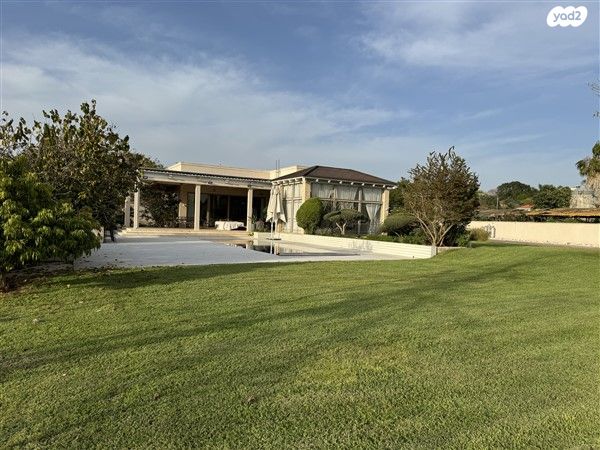 משק חקלאי/ נחלה, צור משה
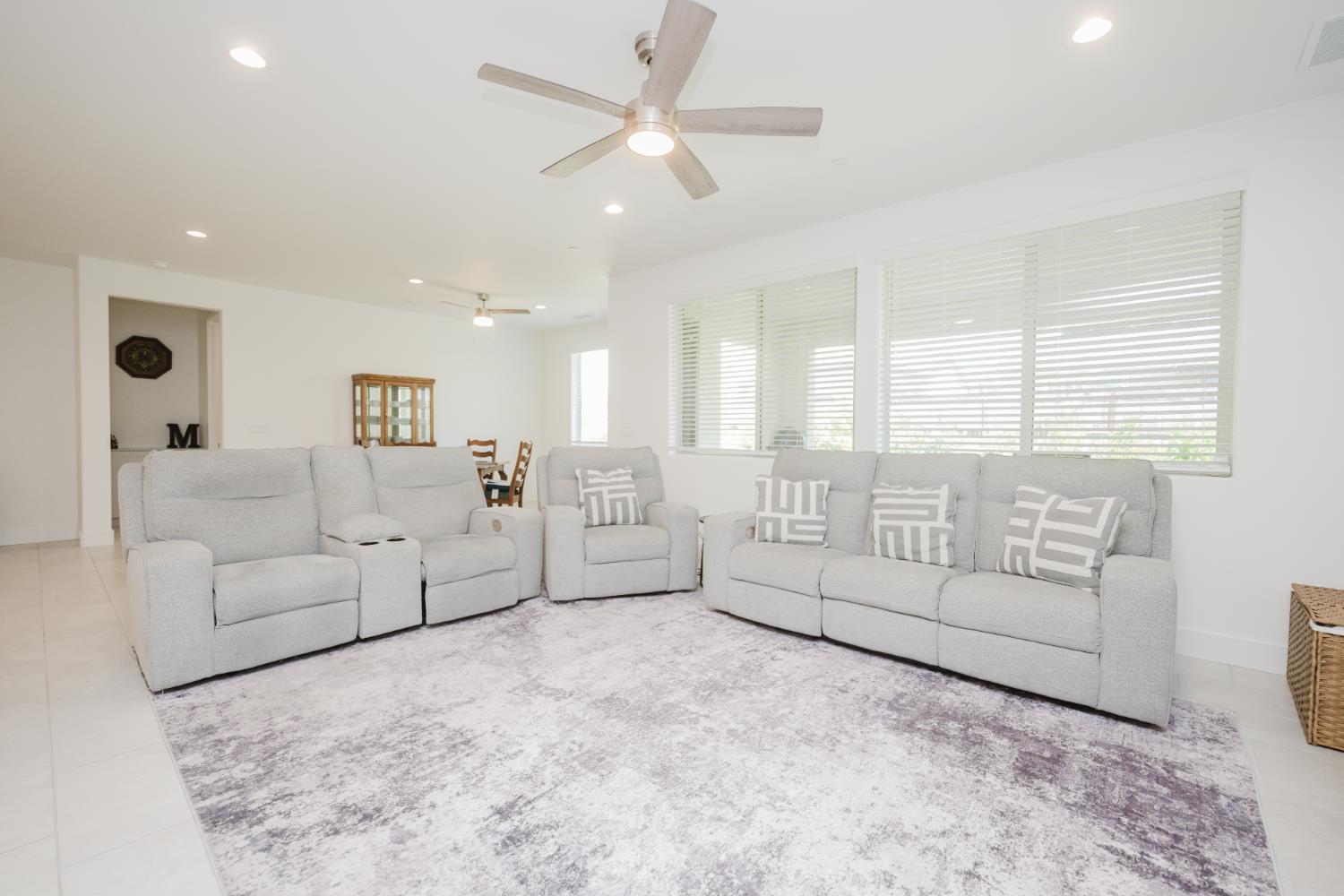 4285 Monarch Place, Madera, CA 93636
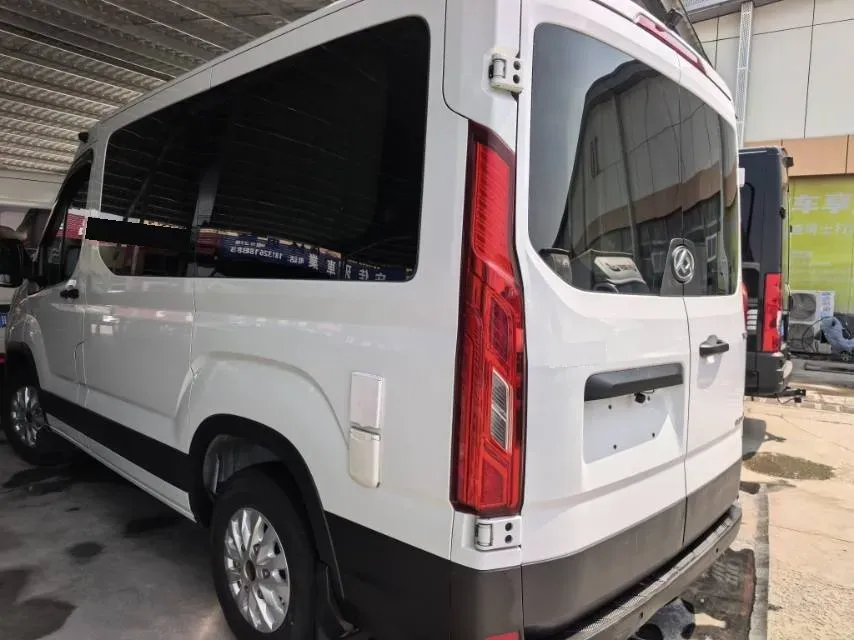 2022 JMC YuHu 9 2.0T 220HP L4 6MT,autocango,china used car exporter,china ev exporter,chinese used car exporter,chinese used ev exporter
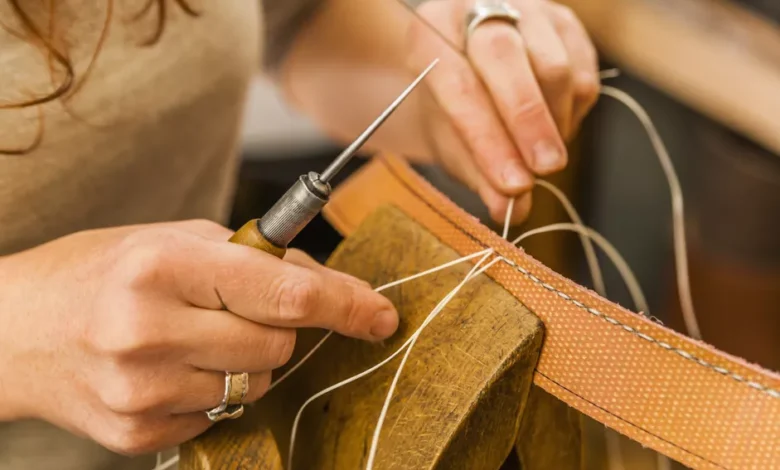 چرم دوزی با دست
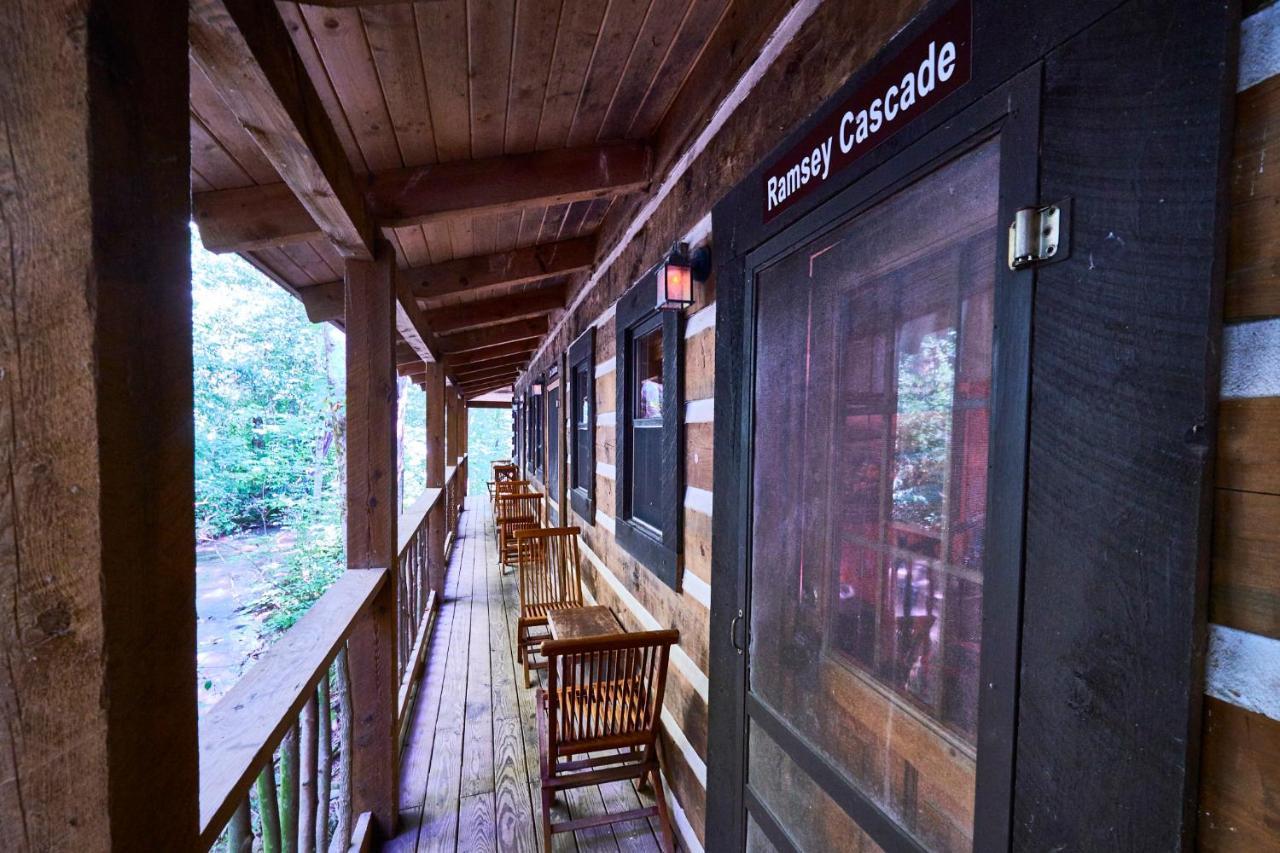 Creekwalk Inn Bed And Breakfast With Cabins Cosby Exterior foto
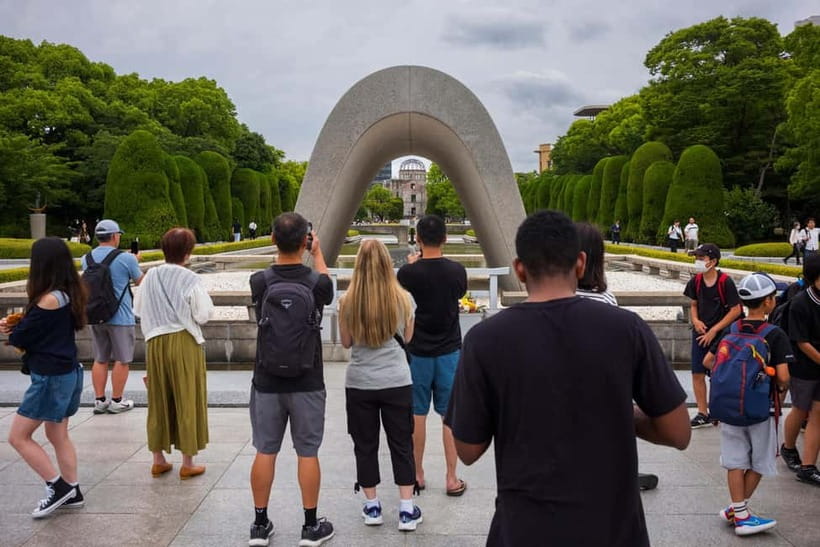 From Osaka: Hiroshima and Miyajima Day Trip by Bullet Train - The Shinkansen ride from Shin-Osaka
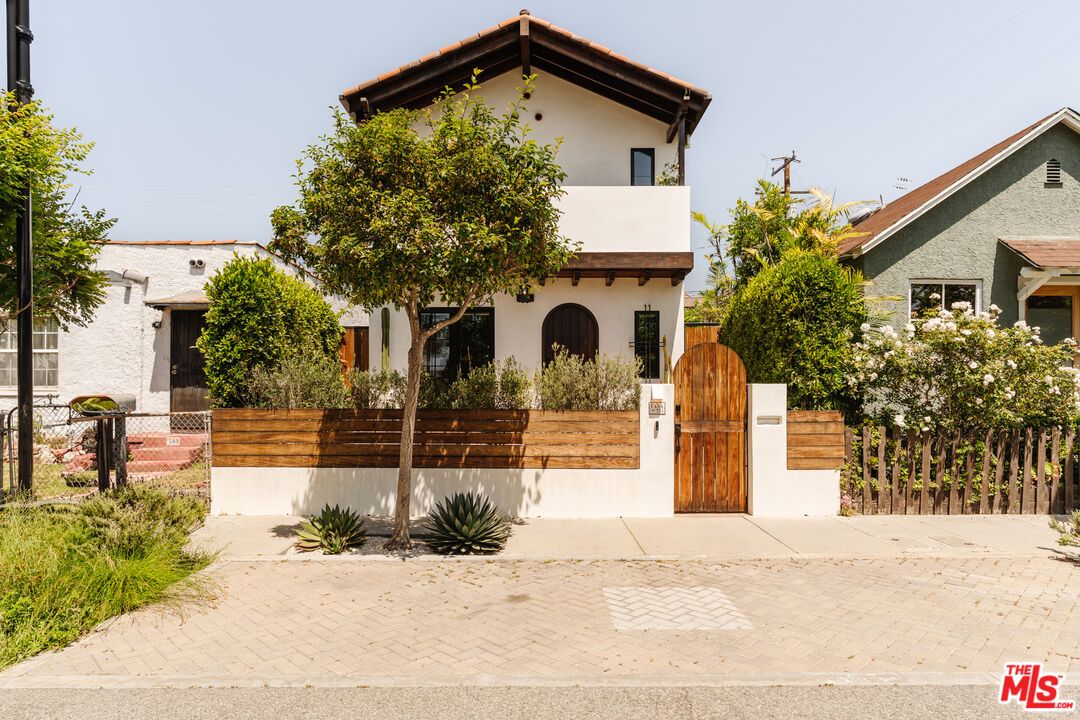 Backyard, Exterior, Facade, Modern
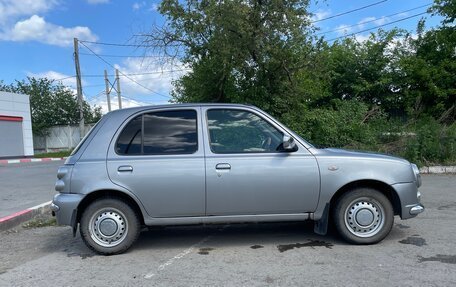Nissan March II, 2001 год, 400 000 рублей, 7 фотография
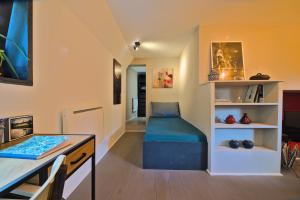 - un salon avec un lit et un bureau dans l'établissement Péniche MaPensée, à Metz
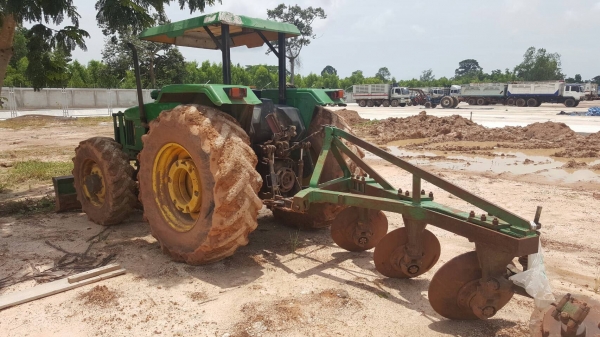 ขาย รถไถ JOHN DEERE 5310 MFWD 2 เพลา คานหน้า CARRARO สภาพสวยพร้อมใช้งาน อุปกรณ์มีใบดันหน้า และผาน 3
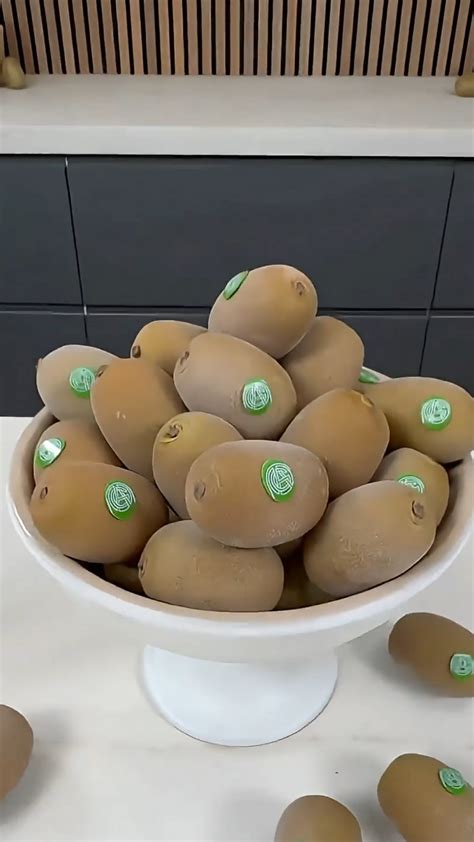 The sweetest bite of kiwi!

◆ GOAL OF THE EXERCISE ◆
All of the entries need to be retyped word for word, pictures excluded.

◆ ANSWER BELOW ◆
 משק חקלאי/ נחלה, צור משה
 4285 Monarch Place, Madera, CA 93636
 2022 JMC YuHu 9 2.0T 220HP L4 6MT,autocango,china used car exporter,china ev exporter,chinese used car exporter,chinese used ev exporter
 چرم دوزی با دست
 Creekwalk Inn Bed And Breakfast With Cabins Cosby Exterior foto
 From Osaka: Hiroshima and Miyajima Day Trip by Bullet Train - The Shinkansen ride from Shin-Osaka
 Backyard, Exterior, Facade, Modern
Nissan March II, 2001 год, 400 000 рублей, 7 фотография
 - un salon avec un lit et un bureau dans l'établissement Péniche MaPensée, à Metz
 ขาย รถไถ JOHN DEERE 5310 MFWD 2 เพลา คานหน้า CARRARO สภาพสวยพร้อมใช้งาน อุปกรณ์มีใบดันหน้า และผาน 3
 The sweetest bite of kiwi!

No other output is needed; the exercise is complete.